Sayner is an outspoken advocate of bail reform. 

"If money isn’t going to work - and money doesn't work - then we have to look at some other options," Sayner said.

Bail reform means different things to different people. The Waukesha Christmas parade attack last fall focused attention on "low bail" for violent offenders, which prompted State Senator Julian Bradley to call for "minimum" bail amounts for certain crimes.

"How do you pick a fixed dollar amount like $5,000 or $10,000 and say, ‘That’s the magic number," asked FOX6 Investigator Bryan Polcyn.

"That’s not the magic number," Bradley said. "It’s the minimum. It’s the starting point."

Twyman posted a total of $12,500 cash – his 2018 bail was increased to $5,000 – but still wound up charged with homicide.

"When someone needs to be detained, they need to be detained, period," Sayner said.

Sayner wants to eliminate cash bail altogether. He wants Wisconsin to follow the so-called "New Jersey model," in which most defendants are released before trial, but the most dangerous defendants are held without bail.

"You're held until your hearing date. How do you feel about that?" Polcyn asked.

"I think that’s a very good idea," Mary said.

As it is, Mary believes the criminal justice system let her family down. Still, it's what happened after her nephew's death that rubbed salt in the wound.

"You know that he was going to be there via zoom," she said. "Why didn’t you go and get this guy?"

On April 21, a Milwaukee court commissioner issued a homicide warrant for Twyman. The next day, he was in court on a different case, appearing by zoom from his lawyer's office in Racine. The prosecutor knew there was a warrant. But according to Deputy District Attorney Kent Lovern, she said nothing.

"It would be in the interest of law enforcement and our interest not to have that information divulged to a subject who is wanted," Lovern said.

"All they had to do was just pick up the phone and make a phone call," said Mary, whose family is still grieving, but also scared. "Who knows what he’s going to do next?!"

If the system won't hold Kenneth Twyman accountable, she said, the streets will.

"This could turn into a real gun battle within the city of Milwaukee," she said.

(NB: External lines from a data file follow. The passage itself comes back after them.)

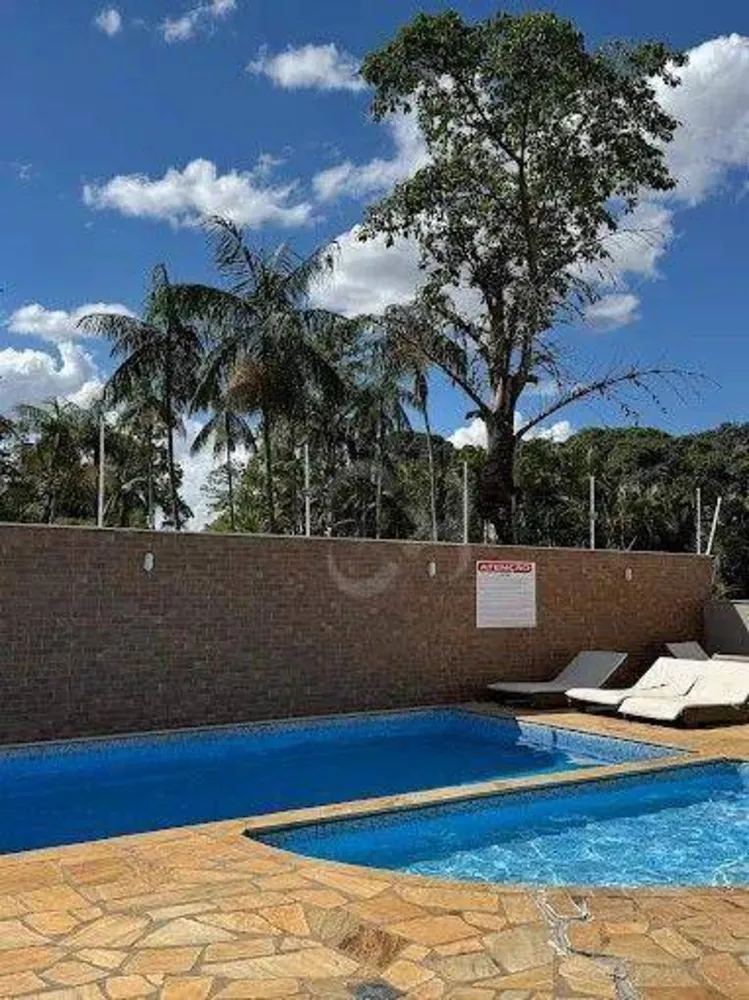 Apartamento, 3 quartos, 98 m² - Foto 12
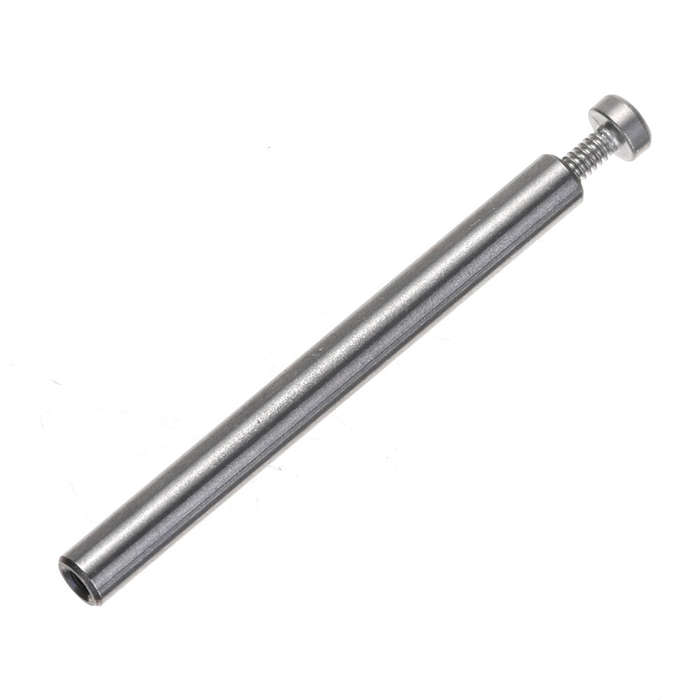 Horizontal Axis Group - Eachine E188S RC Helicopter Spare Parts Horizontal Axis Group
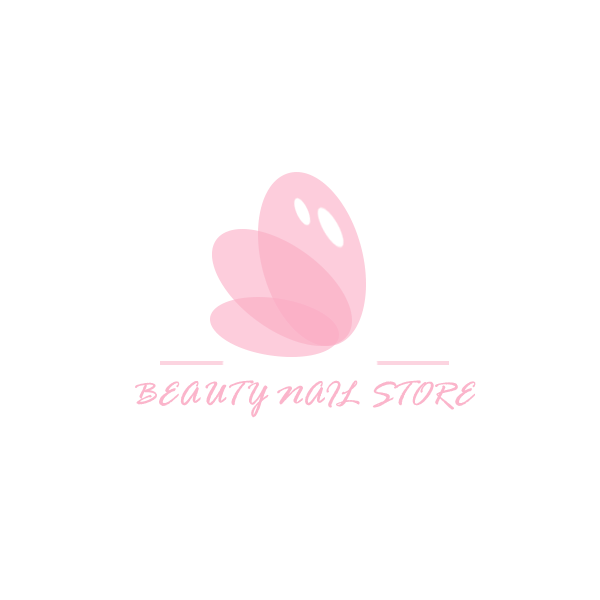 Shop online with Beauty Nail Store now! Visit Beauty Nail Store on Lazada.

Twyman was due in court in Waukesha County on Monday, May 22, for a plea and sentencing in a 2021 felony bail jumping and drug possession case. With the homicide warrant out in Milwaukee, Twyman was a no-show in Waukesha. Sources tell FOX6 Investigators Milwaukee police have now asked U.S. Marshals to find Twyman and bring him in for a third time.

Meanwhile, Twyman has retained attorney Mark Richards to defend him in the 2018 police chase and at least one other case. Richards is best known for defending Kyle Rittenhouse on his way to an acquittal over the Kenosha protest shootings. Richards did not return a phone call seeking comment.